An election to defer compensation must be made by a director prior to the calendar year during which such compensation is earned; provided that an initial election by a new director to defer compensation for all future services may be up to 30 days after commencing service as a director to the Company.  An election shall continue in effect until payment of the amount subject to such election or until the participant modifies or revokes the election as described below, whichever shall occur first.

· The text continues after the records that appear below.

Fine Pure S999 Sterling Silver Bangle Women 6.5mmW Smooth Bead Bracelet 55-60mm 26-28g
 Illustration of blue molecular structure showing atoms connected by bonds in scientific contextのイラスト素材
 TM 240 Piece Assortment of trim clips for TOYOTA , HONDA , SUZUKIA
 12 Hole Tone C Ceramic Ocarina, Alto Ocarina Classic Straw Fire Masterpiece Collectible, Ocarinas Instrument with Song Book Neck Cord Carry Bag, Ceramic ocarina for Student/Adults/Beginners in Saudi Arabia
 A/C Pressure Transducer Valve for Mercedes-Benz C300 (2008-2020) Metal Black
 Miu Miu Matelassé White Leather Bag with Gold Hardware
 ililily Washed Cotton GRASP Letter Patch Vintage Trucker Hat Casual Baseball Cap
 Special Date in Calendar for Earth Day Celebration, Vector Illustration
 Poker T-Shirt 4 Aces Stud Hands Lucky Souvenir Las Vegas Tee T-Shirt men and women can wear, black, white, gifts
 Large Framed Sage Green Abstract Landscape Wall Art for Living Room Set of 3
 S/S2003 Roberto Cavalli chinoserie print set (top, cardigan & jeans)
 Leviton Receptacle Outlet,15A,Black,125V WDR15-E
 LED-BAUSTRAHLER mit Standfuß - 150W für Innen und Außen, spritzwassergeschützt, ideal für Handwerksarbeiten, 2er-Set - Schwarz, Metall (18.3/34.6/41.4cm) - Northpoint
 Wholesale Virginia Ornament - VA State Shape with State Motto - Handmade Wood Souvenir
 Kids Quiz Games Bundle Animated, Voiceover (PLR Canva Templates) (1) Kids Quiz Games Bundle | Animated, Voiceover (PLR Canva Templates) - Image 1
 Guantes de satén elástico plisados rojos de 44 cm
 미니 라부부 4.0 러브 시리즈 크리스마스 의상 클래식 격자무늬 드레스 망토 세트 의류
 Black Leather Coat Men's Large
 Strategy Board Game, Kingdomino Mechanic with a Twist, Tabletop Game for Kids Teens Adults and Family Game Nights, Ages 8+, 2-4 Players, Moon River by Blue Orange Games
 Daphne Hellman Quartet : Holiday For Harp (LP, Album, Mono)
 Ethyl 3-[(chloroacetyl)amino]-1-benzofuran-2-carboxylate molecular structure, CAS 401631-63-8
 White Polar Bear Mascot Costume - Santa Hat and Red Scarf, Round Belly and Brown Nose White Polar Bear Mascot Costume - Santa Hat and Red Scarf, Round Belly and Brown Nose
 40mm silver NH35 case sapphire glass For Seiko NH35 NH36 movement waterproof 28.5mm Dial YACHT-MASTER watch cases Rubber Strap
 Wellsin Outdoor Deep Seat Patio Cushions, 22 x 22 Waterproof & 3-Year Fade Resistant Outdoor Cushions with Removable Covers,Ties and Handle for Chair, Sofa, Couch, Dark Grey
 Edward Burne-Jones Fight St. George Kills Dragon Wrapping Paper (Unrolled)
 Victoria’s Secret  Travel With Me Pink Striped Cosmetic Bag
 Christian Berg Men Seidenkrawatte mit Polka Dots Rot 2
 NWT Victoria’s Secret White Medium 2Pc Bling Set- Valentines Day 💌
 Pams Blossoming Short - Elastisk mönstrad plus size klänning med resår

A participant may elect, modify, or revoke a prior election to defer compensation by completing Sections I and II of the Election Form attached hereto as Exhibit A (the “Election Form”) and returning it to the Corporate Secretary.  Such Election Form shall specify:

		
	(a)
	The amount or percentage of compensation to be deferred beginning on a future date specified in the notice until such notice is revoked or modified as to future compensation; and

		
	(b)
	The percentage of the Elective Deferrals to be credited to the Interest Account and the percentage to be credited to the Air Products Stock Account.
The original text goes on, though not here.